Status of attacks on AES?
Marcos el Ruptor
Ruptor at cryptolib.com
Wed Jun 7 16:02:35 EDT 2006
> Right. But can you explain *why* you strongly believe in it?
In the last 10 years it never failed to tell the difference between good and
bad ciphers. The only thing that makes it controversial is its ability to
detect flaws in ciphers believed to be strong simply because no attacks
against them are found yet.
We do not believe in the approach "if no one broke it in N years, then
accept it as secure until they do" alone.
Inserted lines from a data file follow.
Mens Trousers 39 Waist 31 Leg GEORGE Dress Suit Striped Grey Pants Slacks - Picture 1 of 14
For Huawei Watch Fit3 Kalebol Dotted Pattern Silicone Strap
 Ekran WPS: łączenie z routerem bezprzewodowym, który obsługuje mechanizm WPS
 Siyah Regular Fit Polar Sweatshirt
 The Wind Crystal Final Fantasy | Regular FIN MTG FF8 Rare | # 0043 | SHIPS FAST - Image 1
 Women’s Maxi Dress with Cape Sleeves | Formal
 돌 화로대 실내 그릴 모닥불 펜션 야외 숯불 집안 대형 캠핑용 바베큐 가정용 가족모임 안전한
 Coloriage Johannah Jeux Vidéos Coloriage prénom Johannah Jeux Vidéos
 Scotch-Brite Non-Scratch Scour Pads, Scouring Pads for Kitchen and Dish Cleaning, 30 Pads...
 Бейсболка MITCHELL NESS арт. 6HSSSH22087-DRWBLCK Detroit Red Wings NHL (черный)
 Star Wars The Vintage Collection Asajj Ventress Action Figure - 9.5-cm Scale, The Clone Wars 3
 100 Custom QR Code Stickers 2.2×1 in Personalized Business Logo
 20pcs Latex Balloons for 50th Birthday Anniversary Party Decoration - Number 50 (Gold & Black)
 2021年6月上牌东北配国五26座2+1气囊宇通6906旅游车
We believe in combining it with
studying algebraic structure of the resulting functions from every angle
with automated tools, and if they display obvious sparsity or patterns in
the distribution of monomials of any algebraic degree, or if the size/output
or size/security proportions are too low, or if too many rounds are required
for a change to make those functions different in a way indistinguishable
from random (slow avalanche of change as we see it), the cipher should be
discarded even if no one can find a way to break it.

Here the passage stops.